Cryptocurrency is a bookkeeping system relying on peer-to-peer networks. It is fully distributed and devoid of a central unit, organization or place that would control it. The system stores information about the ownership of arbitrary cryptocurrency units. The title to a given cryptocurrency is reflected in a wallet associated with an individual user. Complete control over the wallet is exercised by the holder of an encoded private key. Advanced mathematical and cryptographic methods are employed to prevent cryptocurrency duplication, counterfeiting or theft.
Cryptocurrencies are the first financial system invention developed outside of financial institutions without the slightest contribution on their part. It is novel, simple and fully independent of the existing financial system. What is more, it poses a threat to the status quo of that system.
Most countries around the world recognize cryptocurrencies as valid legal tender. As of to date, more than 200 cryptocurrencies are quoted on a dozen plus specialized stock exchanges. The most popular cryptocurrency is bitcoin.
What is bitcoin?
Bitcoin (abbreviated BTC) is the world’s first cryptocurrency or digital currency. Bitcoin transactions can be processed through public channels such as points of sale, currency exchange offices, banks and the Internet. The idea of bitcoin relies on blockchain. Blockchain is a fully open network accessible by means of simple applications, stock exchanges or through retail establishments. Having bitcoin data recorded in a blockchain prevents the duplication, theft or modification of even a single bitcoin. All transactions are public – their entire history is available for viewing and verification. The blockchains that serve as transaction ledgers cannot be counterfeited due to a cap placed on the number of bitcoins and protections that prevent their number from ever exceeding a predetermined ceiling. The transactions recorded in a blockchain are irreversible. The technology relies on peer-to-peer transactions and dispenses with the use of central computers and systems that manage and validate transactions. Every computer in the network may send and authorize transactions. Bitcoins may be recorded on a personal computer in a transaction ledger file or stored on an external service run by a third party. The number of bitcoins is fixed at 21 million, which limits inflation and deflation. Every bitcoin is subdivided into 100 million units called satoshi. Currently (as of November 2016), a bitcoin trades for approximately US$ 750. In the last four years, its exchange rate rose from ca. US$ 100.

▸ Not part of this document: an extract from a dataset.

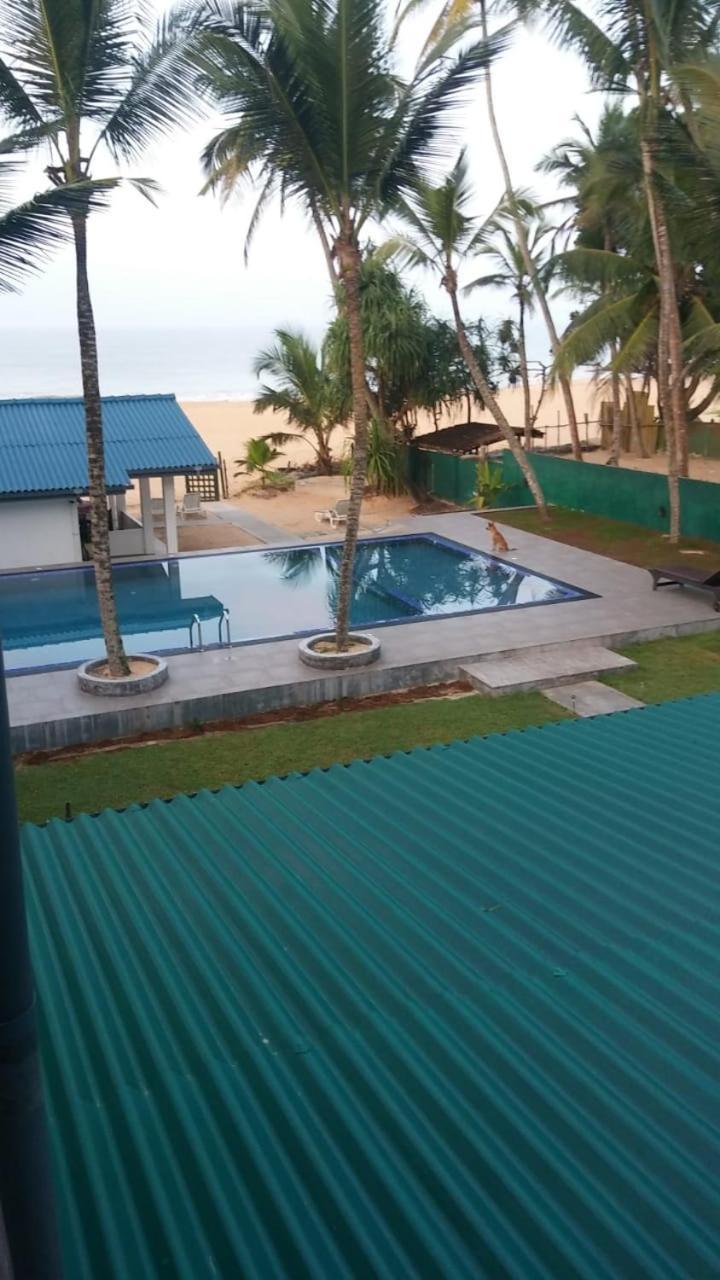 Thiranagama Beach Hotel Hikkaduwa Extérieur photo
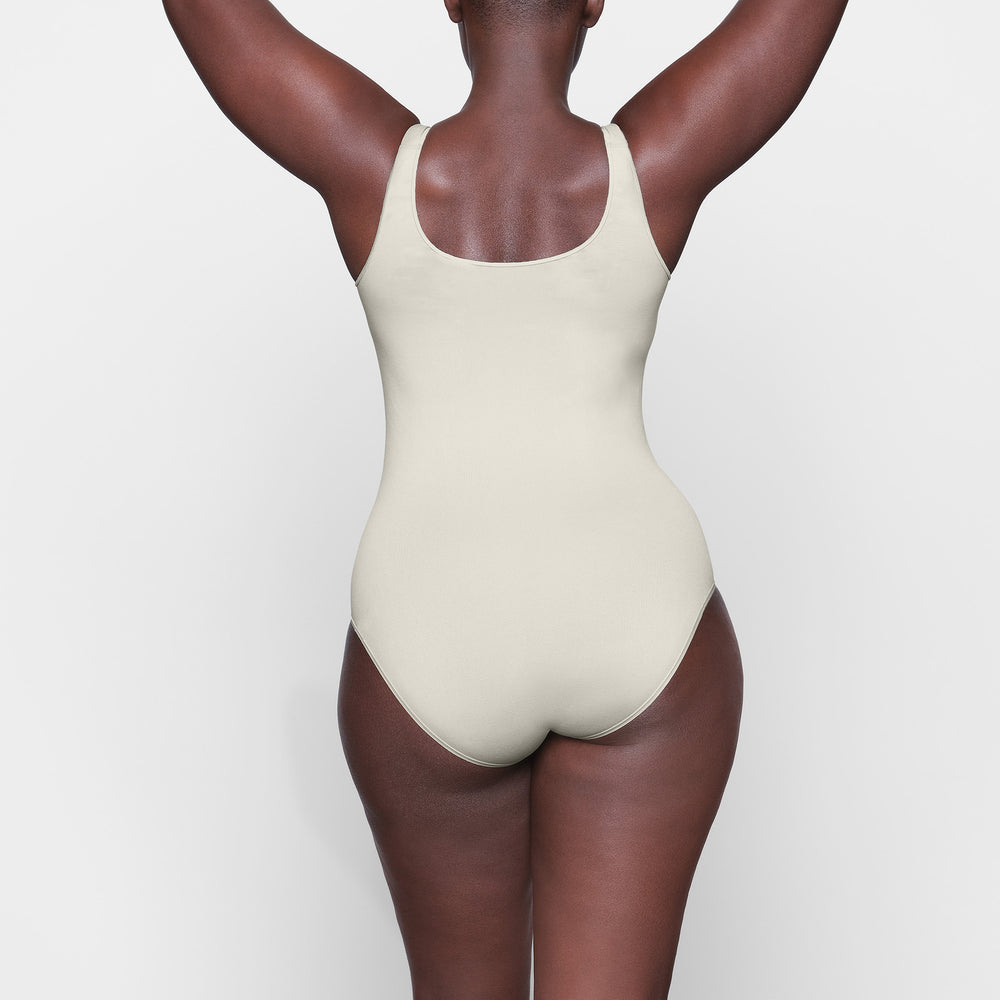 Skims LIGHT ESSENTIAL Scoop Neck Bodysuit Wit | QUS-618793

Who is the father of bitcoin?
In December 2015, the US-based Wired and Gizmondo portals posted suggestions that the creator of bitcoin may be the Australian IT entrepreneur Craig Steven Wright, who himself acknowledged he had invented bitcoin under the pseudonym of Satoshi Nakamoto. The bitcoin community has refused to believe such reports. Its members are convinced that the pseudonym disguises a team of scientists, mathematicians and cryptographers. The one thing that I am confident about is that when Satoshi Nakamoto announced in October 2008 his idea of what he then called a new and entirely-peer-to-peer electronic cashless system that would eliminate third-party fiduciaries, he had no inkling he was starting a revolution that would wipe out the financial system as we know it today and transform its fundamental operating principles.

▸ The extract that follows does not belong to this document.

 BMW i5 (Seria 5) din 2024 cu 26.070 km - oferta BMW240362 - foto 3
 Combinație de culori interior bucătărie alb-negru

What transactions are supported by bitcoin?
Transaction ledgers can be used to store any transaction types. Thus, bitcoin may easily be made to represent a currency, property, real estate or shares. It is up to the users to decide what a given bitcoin unit stands for. Every bitcoin and satoshi is divided into individually identifiable and programmable parts. This means that users can ascribe diverse properties to each individual unit. The user can program a bitcoin/satoshi to be eurocents, company shares, kilowatt-hours of energy, election votes, loans or digital ownership titles. Therefore, the cryptocurrency is much more than just money and a means of settlement. Bitcoin can also be programmed to behave as needed. Bitcoins may self-cancel on a specified date, be exchanged or automatically return to the owner if the receiver fails to satisfy prescribed terms.

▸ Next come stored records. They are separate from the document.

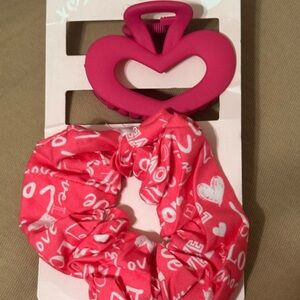 Pink Heart Clip & Love Print Scrunchie Set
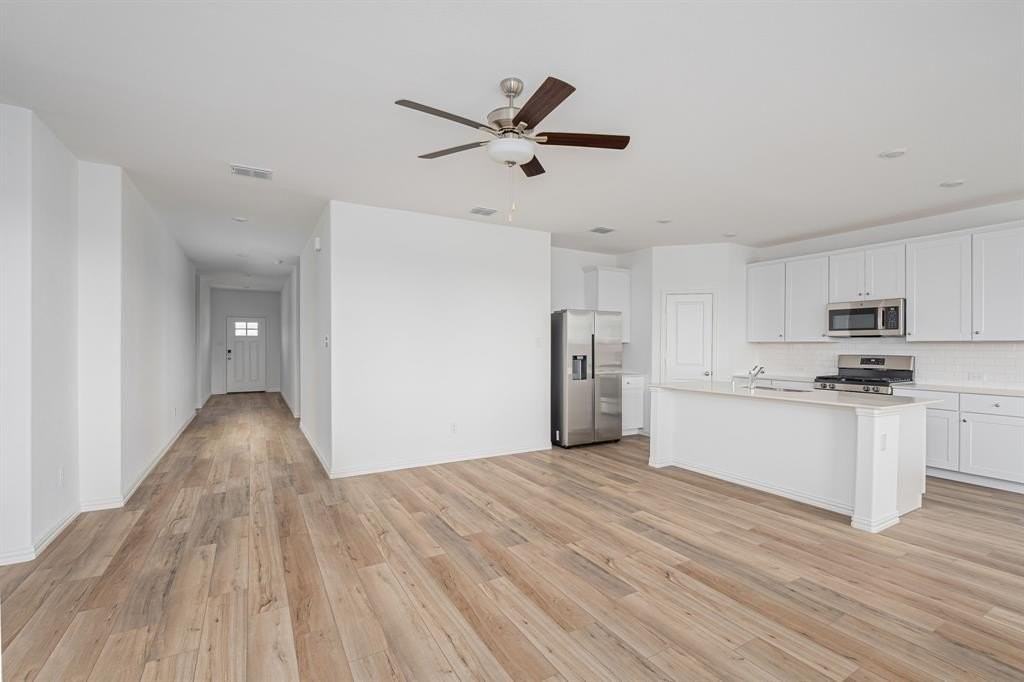 4025 Kaufman Court - Photo 5 of 16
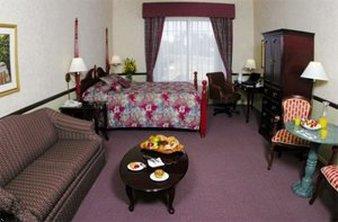 Quest On William Aparthotel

Can you buy a hamburger with bitcoin?
Bitcoins have a value because a steadily growing number of people are confident that the technology that underpins them, i.e. blockchain, also acquires value. Although with each year passing, bitcoin is becoming a fully-fledged means of exchange recognized by state governments, its value is being created by the buyers who choose to use bitcoins for their transactions. In other words, bitcoin is only worth as much as it is widespread. And although I can’t use it today to pay for a hamburger in any restaurant in Warsaw, Paris or New York City, I will most likely be able to do so in the future.
How a bitcoin transaction works (Dr. Constantin Gurdgiev via True Economics blog)
Bitcoin and digital currency benefits (http://www.costasinc.com)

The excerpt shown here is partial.